I turn in sightings of plants and animals that are on a "watch list" to the Wyoming Natural Diversity Database at the University of Wyoming http://uwadmnweb.uwyo.edu/wyndd/

.....and the WY Game and Fish........if I can find the time.


----------



## Wind In His Hair (Dec 31, 2009)

guner said:


> ahhh Like Chicken ?! :lol:


Yeah, but original or extra crispy? :lol:


----------



## Bo0YaA (Sep 29, 2008)

Wow, like Bax, I had no idea about the whitetail jack. I shot what I thought was a snowshoe hare about 20 years ago while elk hunting outside of Richfield. This thing had real long ears and huge long rear feet. In the picture I had of it I'm holding it by the ears near chest level and the feet are only hanging about 10 inches off the ground and I'm 6'3. It was a big old bunny and for all these years I thought it was a snowshoe lol.
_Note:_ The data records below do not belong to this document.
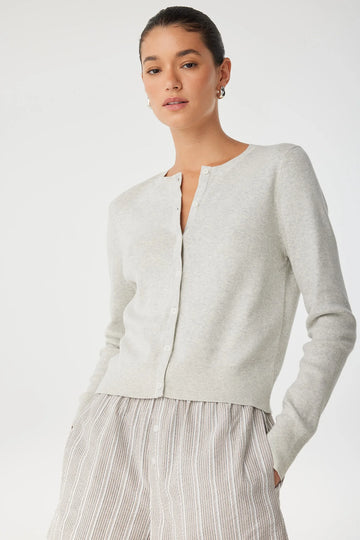 Flynn Cardigan Grey Marle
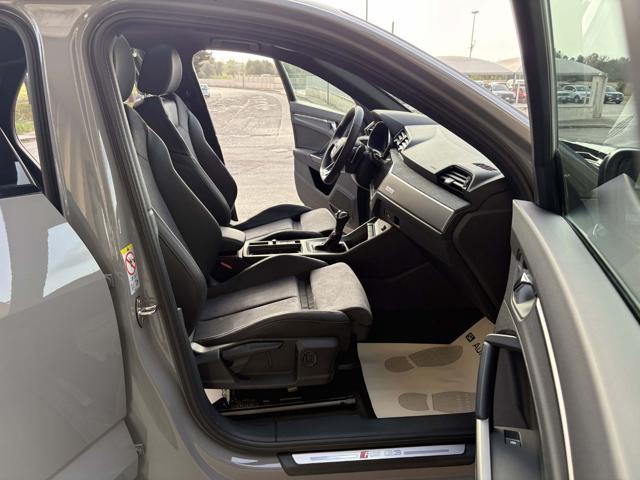 AUDI RS Q3 SPB Sportback quattro S tronic SCARICO SPORT. RS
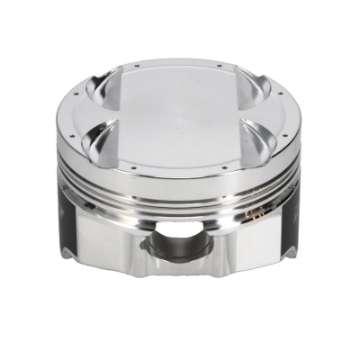 Picture of Manley Mitsubishi 4B11 86-5mm Bore 10-0:1 CR -3-5cc Dish Turbo Tuff Piston Set w- Rings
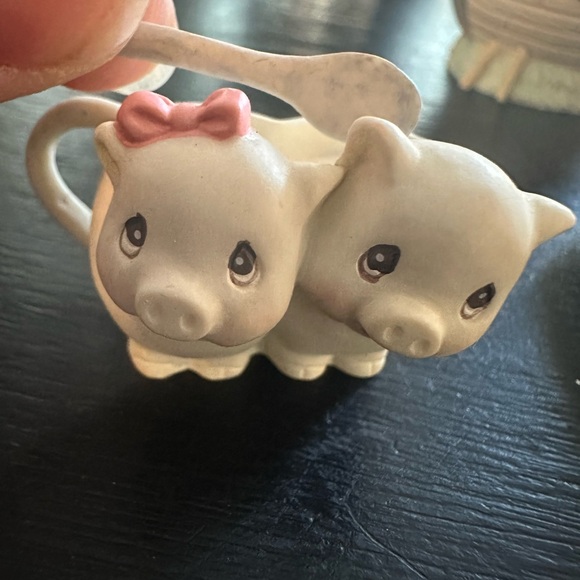 Precious Moments Enesco Collectible miniature tea set - Picture 6 of 11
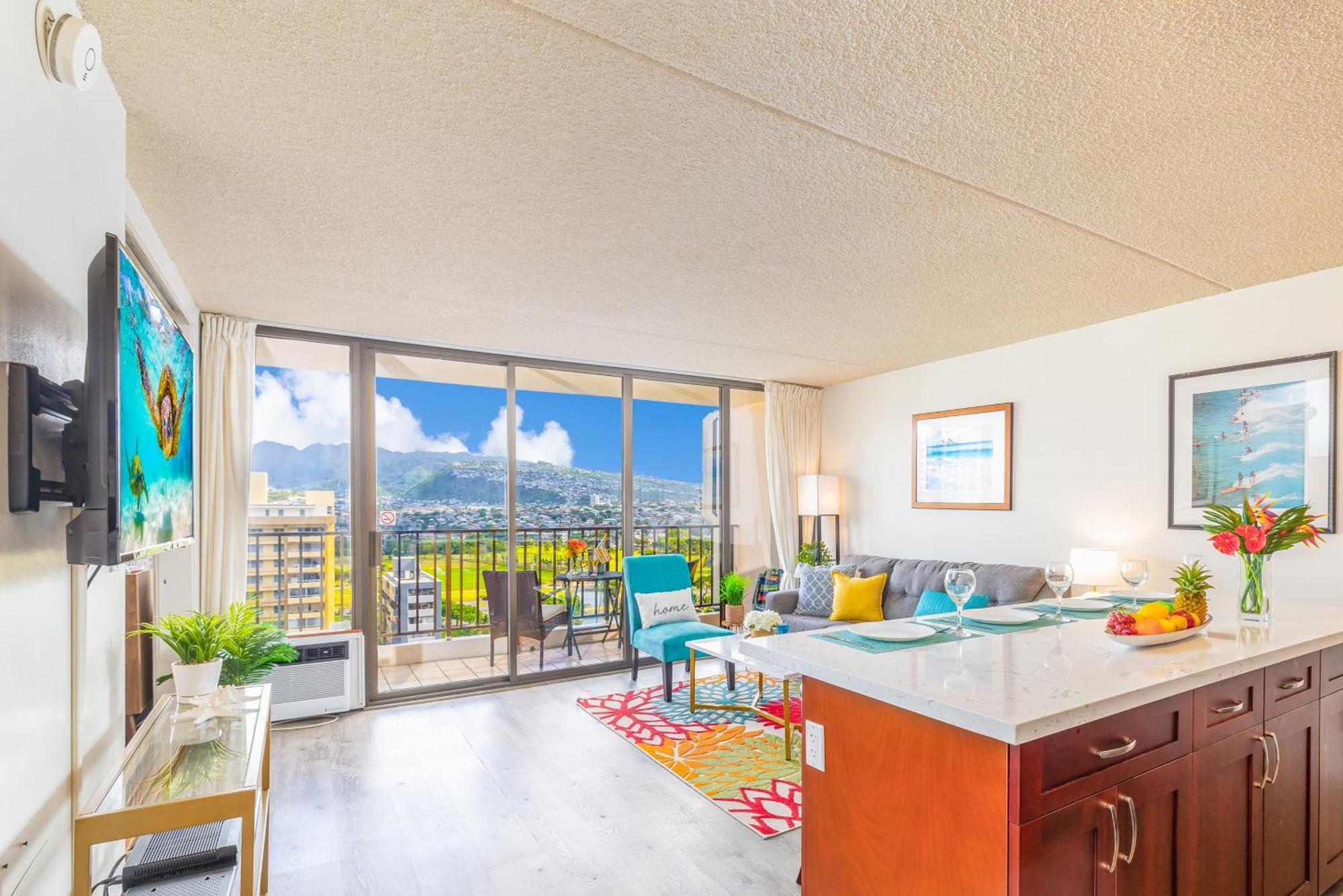 Mountain View Getaway, Free Parking And Beach Steps Away Honolulu Eksteriør billede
Was real good eatin I remember that.


----------



## 2litl2l8 (Jan 16, 2008)

Have any of you eaten black tailed jackrabbit. I have hunted them alot and they seem to have a lot of meat on them, that is compaired to other things that we spend all day hunting only to end up with 1lb of meat (doves). Anyway, I have often thought about trying to eat one and was looking for some input.


----------



## shwiggaman (Sep 20, 2010)

according to what iv been told about 90% of the population can eat jack rabbits but its fatal to the 10% who cant. The catch is u dont know if your allergic to it until u eat it and by then its to late. At least thats what iv been told


----------